Although he was active in Gaza (as he was quoted by Barsanuphius of Gaza), Isaiah was a product of the Egyptian monasticism which had developed in the 4th century in the Kellia (Cells) of the desert of Scetes, where he was first a monk. He lived in Egypt during the early 400s.

Much of Isaiah's writings were instructive for monks and solitaries. Very few of his writings are extant, as the majority of them have been destroyed by Muslims.

Isaiah was also influential in bringing Christianity to Palestine.

He died as a hermit in a monastery near Gaza on 11 August 491.

Writings 
Many of Isaiah's works have been lost.

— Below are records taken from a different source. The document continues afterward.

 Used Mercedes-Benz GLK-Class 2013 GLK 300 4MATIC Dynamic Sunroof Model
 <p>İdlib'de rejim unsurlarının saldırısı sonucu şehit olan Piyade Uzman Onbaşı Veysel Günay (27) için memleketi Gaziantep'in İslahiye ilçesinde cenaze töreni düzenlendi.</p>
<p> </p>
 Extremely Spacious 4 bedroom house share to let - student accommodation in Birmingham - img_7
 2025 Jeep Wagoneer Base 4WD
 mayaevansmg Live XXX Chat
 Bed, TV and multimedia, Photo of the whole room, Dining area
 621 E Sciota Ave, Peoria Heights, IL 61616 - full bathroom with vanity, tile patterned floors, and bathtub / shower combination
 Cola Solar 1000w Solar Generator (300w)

The Asceticon, a collection of about 30 discourses on Christian asceticism, was especially popular in the Eastern Orthodox monastic tradition, and has survived in many translations in Syriac (6th century), Coptic (6th century), Ethiopic (8th century, translation from Coptic), Armenian (8th century), Arabic, and Georgian (of which only logoi 3, 7, 23, and 27 have survived). The Syriac version of his Asceticon, which is only a partial translation of the original Greek text, has been translated into French.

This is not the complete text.